About midday we came to a halt beside a small village, the children were just coming out of school. Seeing the train with prisoners aboard and being curious as all children will be, made a line straight for the train and getting as close as they could began to throw stones and making the motion of cutting out throats. Of course we were helpless and naturally annoyed that children so young should be taught to do such things, but there it was proving their utter hatred of the British. After about half an hour we puffed away once more and continued until 9pm before another halt was called, this time at a station, fairly large with a canteen on the platform, another meal similar to the last, then once more aboard and away again, still keeping along the Rhine Valley.
Wednesday 3rd July 1918
At about 10am this morning we arrived at a small station called Lamsdorf where we were finally doomed to settle for the duration of the war. After the usual formalities had been gone through, we moved off in the direction of the camp, which proved to be a very big one indeed.
Except for a few scattered houses here and there, the place seemed to be devoid of any civilization, the inhabitants being mainly German troops and a good lot of Uhlans (Light Cavalry men) were passed, who grinned with satisfaction at the sight of us and no wonder, the plight of us, unwashed and unshaven for days, we had a most unkempt appearance. However we trudged on, grumbling all the way not knowing what was to become of us, and when we were going to get something to eat. On through the encampment into open country and about half a mile away was what was called Lager 3A, to this we made for with two British guides in attendance from Lager 1.
We arrived at the large barbed wire gates, and from the inside came the Camp Commandant with his usual followers, and we were duly handed over to his care. After being counted and the roll called we were split into parties of fifty and marched through two high walls of wire about 12 feet high and 6 feet apart.
All round the camp, just outside the outside the outer belt of barbed wire, was a shallow trench, the earth having been banked up behind to form the beat for our main guards, who patrolled night and day, two sentries meeting at a certain point, and immediately behind this miniature embankment, and also at the corner of the camp, was the big hut which housed the whole guard when off duty. About 20 yards to the right of this hut was a high wooden erection with a square covered in platform, this at times was being manned by a section of machine gunners.

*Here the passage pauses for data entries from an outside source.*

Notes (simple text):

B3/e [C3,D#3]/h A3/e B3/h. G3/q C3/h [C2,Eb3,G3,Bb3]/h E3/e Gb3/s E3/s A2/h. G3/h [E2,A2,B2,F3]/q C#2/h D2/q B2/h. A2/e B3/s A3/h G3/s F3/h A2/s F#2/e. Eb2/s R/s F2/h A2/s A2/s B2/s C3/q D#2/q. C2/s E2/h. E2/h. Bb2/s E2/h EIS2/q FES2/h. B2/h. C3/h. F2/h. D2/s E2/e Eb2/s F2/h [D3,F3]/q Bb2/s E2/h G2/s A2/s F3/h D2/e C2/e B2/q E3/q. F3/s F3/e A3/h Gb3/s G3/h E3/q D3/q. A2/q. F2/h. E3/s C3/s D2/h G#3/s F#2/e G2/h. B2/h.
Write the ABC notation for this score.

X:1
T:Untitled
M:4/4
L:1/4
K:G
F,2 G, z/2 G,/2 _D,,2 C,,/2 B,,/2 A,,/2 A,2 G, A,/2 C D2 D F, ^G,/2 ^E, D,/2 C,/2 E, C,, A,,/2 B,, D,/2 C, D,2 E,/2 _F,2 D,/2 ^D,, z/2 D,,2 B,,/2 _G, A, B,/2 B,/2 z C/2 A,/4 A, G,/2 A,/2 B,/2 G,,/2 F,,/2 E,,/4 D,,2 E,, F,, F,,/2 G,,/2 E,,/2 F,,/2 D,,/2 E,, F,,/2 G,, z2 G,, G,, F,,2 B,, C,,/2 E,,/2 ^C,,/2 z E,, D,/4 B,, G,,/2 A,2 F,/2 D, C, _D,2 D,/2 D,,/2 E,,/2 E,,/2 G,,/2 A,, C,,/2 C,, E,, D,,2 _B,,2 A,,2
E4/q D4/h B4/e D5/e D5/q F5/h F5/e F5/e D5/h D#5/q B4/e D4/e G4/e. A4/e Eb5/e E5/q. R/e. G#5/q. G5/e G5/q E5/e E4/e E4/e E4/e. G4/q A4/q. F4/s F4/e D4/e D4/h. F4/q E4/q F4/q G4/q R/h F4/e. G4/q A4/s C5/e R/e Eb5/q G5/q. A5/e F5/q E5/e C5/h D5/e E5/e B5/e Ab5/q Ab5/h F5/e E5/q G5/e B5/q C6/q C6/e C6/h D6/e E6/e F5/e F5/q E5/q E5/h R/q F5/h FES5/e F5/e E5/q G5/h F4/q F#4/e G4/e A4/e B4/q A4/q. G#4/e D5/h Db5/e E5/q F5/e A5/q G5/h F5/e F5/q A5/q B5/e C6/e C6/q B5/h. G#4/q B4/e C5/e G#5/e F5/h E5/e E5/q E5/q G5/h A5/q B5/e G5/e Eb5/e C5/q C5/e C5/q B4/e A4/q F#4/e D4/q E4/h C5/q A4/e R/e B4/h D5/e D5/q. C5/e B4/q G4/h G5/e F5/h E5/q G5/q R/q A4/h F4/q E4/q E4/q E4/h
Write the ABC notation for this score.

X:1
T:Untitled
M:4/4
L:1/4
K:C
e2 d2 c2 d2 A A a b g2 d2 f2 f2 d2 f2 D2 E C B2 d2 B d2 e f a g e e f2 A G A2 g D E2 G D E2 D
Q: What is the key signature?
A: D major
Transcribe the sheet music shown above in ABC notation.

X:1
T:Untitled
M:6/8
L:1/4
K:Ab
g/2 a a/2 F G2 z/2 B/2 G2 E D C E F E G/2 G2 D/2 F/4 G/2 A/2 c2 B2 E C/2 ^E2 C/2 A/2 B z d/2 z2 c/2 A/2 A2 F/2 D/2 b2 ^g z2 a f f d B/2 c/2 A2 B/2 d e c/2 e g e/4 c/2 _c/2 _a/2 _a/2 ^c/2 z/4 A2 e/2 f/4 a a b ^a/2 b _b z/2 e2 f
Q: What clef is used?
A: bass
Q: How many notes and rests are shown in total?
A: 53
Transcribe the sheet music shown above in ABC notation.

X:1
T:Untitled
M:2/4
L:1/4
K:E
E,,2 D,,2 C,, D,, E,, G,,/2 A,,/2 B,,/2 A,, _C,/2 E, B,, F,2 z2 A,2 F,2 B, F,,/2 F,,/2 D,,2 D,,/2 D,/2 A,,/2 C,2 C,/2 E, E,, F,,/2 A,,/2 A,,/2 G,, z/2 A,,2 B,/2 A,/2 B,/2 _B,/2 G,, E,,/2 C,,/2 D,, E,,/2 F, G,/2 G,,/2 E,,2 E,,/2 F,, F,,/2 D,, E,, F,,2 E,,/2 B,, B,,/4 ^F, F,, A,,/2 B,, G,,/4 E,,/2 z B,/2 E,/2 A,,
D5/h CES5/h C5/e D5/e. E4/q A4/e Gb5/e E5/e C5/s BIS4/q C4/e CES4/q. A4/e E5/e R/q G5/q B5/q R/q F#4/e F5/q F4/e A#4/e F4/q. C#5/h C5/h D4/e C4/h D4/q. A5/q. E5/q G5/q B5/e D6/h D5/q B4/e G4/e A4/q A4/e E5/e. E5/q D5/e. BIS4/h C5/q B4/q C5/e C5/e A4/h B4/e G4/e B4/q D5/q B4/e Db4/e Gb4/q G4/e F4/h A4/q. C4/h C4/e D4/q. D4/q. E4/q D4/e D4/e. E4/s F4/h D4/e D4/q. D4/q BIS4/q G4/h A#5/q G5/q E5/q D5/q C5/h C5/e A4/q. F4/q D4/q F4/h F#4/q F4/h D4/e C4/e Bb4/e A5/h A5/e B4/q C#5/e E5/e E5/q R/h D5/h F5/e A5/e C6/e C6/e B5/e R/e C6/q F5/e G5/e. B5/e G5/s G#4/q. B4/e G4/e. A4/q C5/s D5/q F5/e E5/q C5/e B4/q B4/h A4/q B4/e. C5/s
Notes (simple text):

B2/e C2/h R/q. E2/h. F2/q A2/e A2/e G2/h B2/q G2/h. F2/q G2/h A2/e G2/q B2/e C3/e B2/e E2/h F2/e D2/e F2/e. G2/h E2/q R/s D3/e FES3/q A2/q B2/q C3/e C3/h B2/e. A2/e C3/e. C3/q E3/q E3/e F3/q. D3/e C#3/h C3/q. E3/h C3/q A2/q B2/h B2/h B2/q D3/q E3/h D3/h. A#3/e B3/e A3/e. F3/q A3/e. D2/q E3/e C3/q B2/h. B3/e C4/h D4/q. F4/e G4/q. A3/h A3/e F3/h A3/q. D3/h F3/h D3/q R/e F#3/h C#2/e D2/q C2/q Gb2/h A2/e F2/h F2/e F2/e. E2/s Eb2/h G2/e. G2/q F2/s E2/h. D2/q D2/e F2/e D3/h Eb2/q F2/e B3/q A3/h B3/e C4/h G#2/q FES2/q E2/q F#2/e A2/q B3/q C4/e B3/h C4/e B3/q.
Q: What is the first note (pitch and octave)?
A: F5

It happened that the place allotted to us was at the very end of the camp, right up close to the North Eastern edge of the Black Forest. The camp or part was divided into three compounds, each containing six huts, 1 lager hut was to be used as a wash house, also furnished with a large pump with two handles to it. The huts faced the dense forest in two lines of three. The one Fred and I were put into was in the rear and centre. They were about 80 feet long, 10 feet wide by 8 feet high, lighted by two windows, with a double door in the centre above which was fitted one electric light just inside the door. About 2 feet of the building was above ground, the rest having been sunk into the ground, so we had to descend earthen steps to enter. The beds were built of pitch pine in groups of four, with a board placed on edge to separate each mans bed from the other. Having staked our claim near the door and also the one and only large combustion store, we sallied forth to draw blankets, and wash bowls. Each man was given two blankets, which must have seen service in the wars of 1870, judging by their condition. However they were better than nothing at all.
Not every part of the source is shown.